[RECORDS SUPPLIED — start]
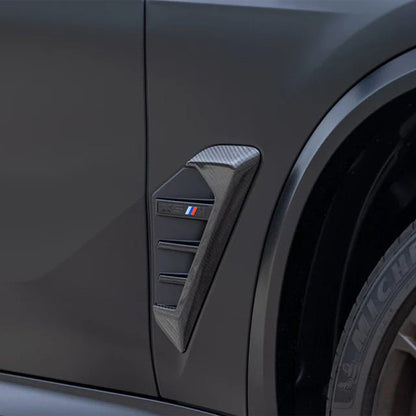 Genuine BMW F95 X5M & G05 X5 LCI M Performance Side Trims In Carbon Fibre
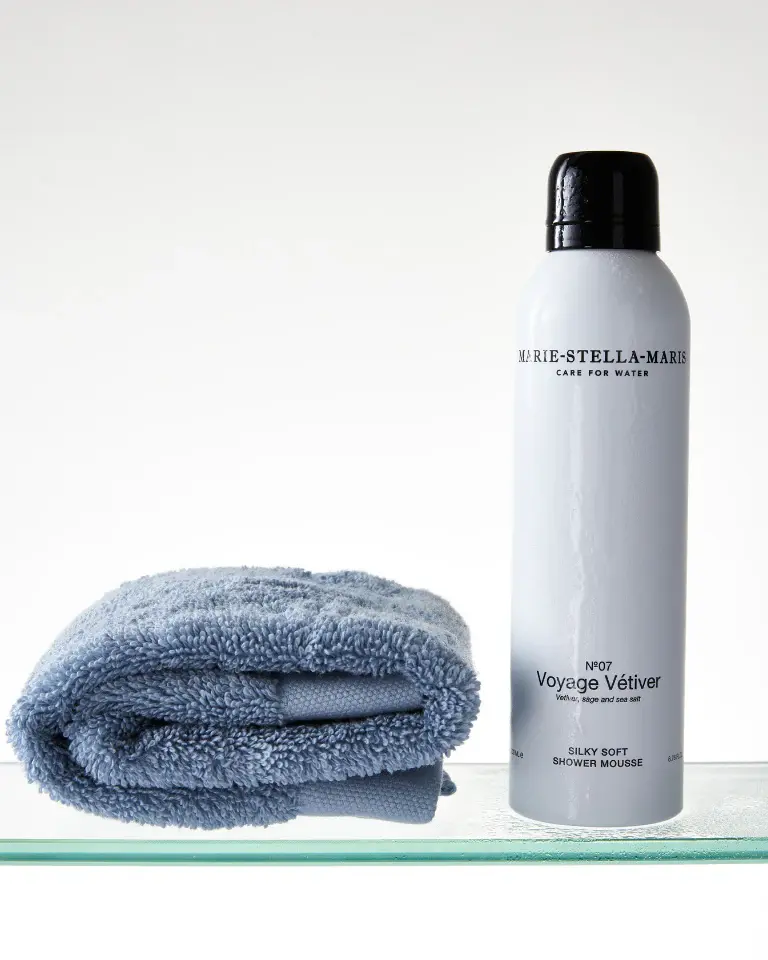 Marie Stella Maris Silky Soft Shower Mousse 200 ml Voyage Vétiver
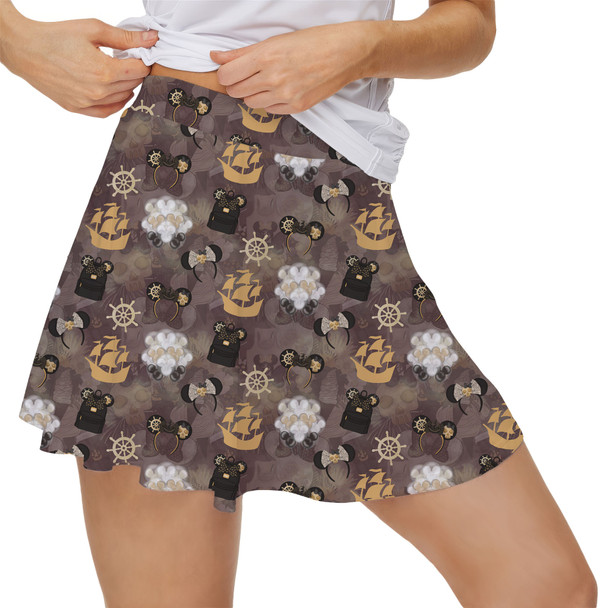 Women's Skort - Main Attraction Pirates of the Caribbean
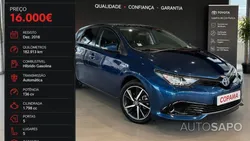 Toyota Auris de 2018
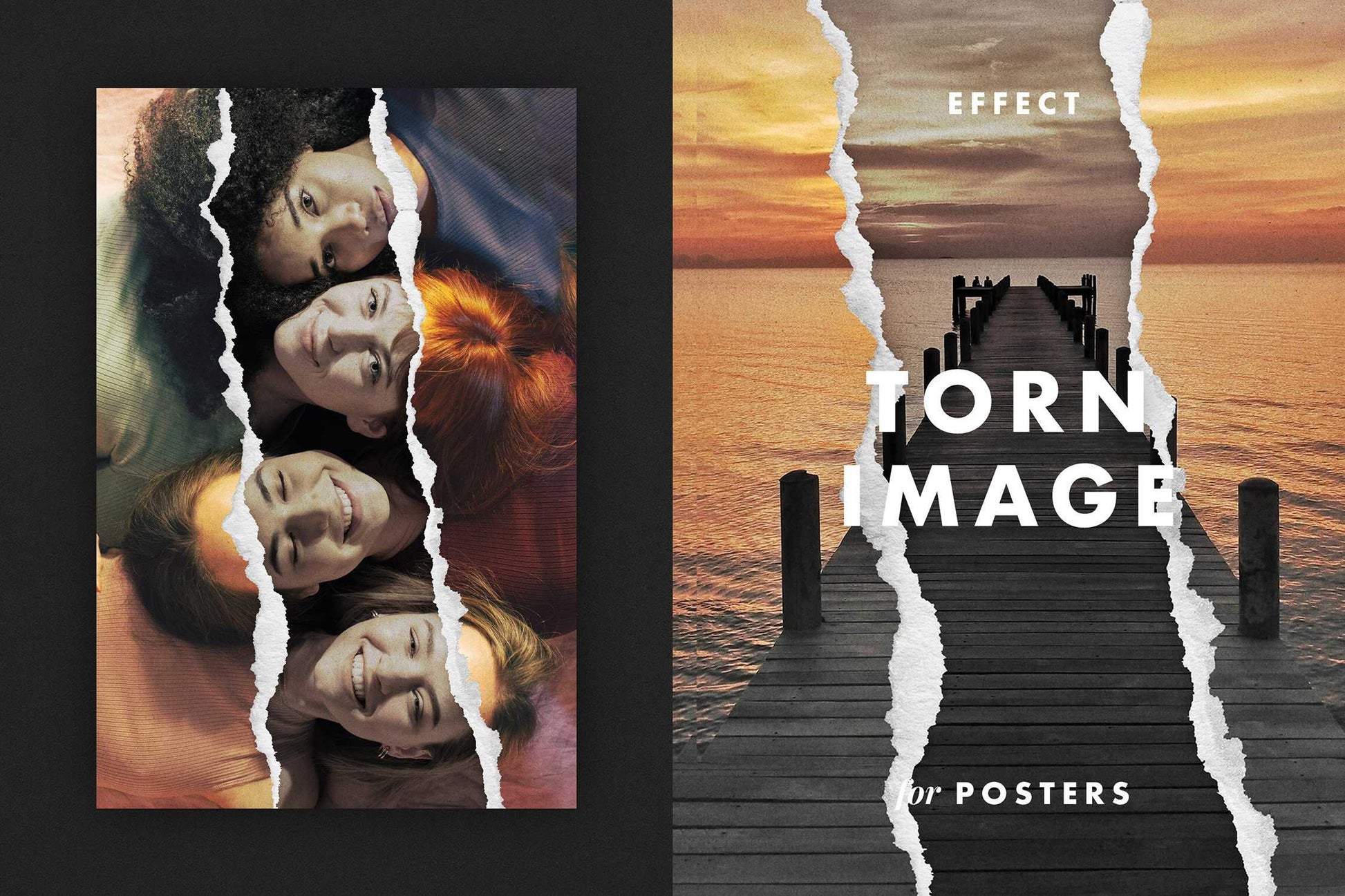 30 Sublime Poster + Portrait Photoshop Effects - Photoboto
[RECORDS SUPPLIED — finish]
The entries above must be restated exactly in the answer, and the pictures left out.

 Genuine BMW F95 X5M & G05 X5 LCI M Performance Side Trims In Carbon Fibre
 Marie Stella Maris Silky Soft Shower Mousse 200 ml Voyage Vétiver
 Women's Skort - Main Attraction Pirates of the Caribbean
 Toyota Auris de 2018
 30 Sublime Poster + Portrait Photoshop Effects - Photoboto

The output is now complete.